I am training a model with kearas on Go of datas, at a point where my computer can't handle the RAM needed. So I am trying to implement my training as 1 epoche is done with multiple model.fit calls, with somthing like :
for epoche in range(nbEpoches):
for index_df in range(len(list_of_dataFrames)):
dataFrame = load_dataFrame(list_of_dataFrames, index_df) # load in ram only this DF
X_train, Y_train, X_test, Y_test = calc_train_arrays(dataFrame)
model.fit(
X_train, Y_train,
validation_data=(X_test, Y_test),
# ... what I am asking
batch_size=batch_size,
)
and with X_train and X_test are numpy arrays of shape (many thousands, 35 to 200, 54+), so using multiple batches is mandatory (for the GPU's VRAM), and dynamicly loading the dataFrames too (for the RAM), this is what force me to use multiple fit calls for the same epoche.
I am asking how to use the model.fit function in order to do it.
i also wondered if using a generator of array of shape (batch_size, 35+, 54+) and specifing steps_per_epoch could be an idea ?
i have first tryed to avoid the problem by just training on a single dataFrame of around 20k samples, but the model is having generalisation issue. I also tryed to just do one epoche per dataframe, but it seems like each dataframe was un-learning the others.
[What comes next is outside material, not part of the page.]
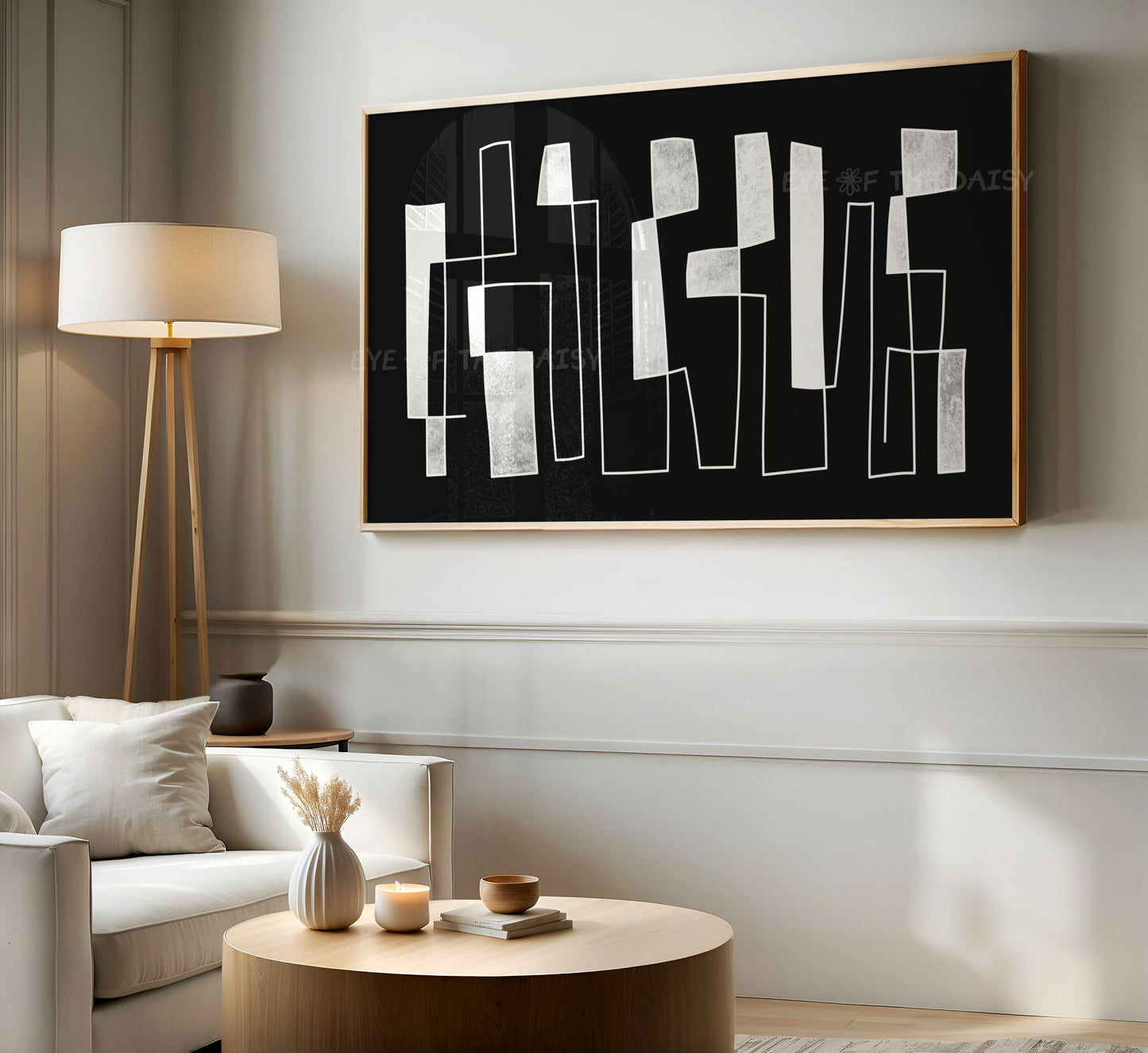 Black & White Contemporary Line Abstract 4K TV Art | Mid Century Modern TV Artwork 4K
I guess you have 2 options.
You can try a custom data generator. Here is an tutorial (i think this may be a little difficult): https://medium.com/analytics-vidhya/write-your-own-custom-data-generator-for-tensorflow-keras-1252b64e41c3
You can also define a custom training loop, here is a tutorial: https://www.tensorflow.org/guide/keras/writing_a_training_loop_from_scratch
I am not sure if this is what you want.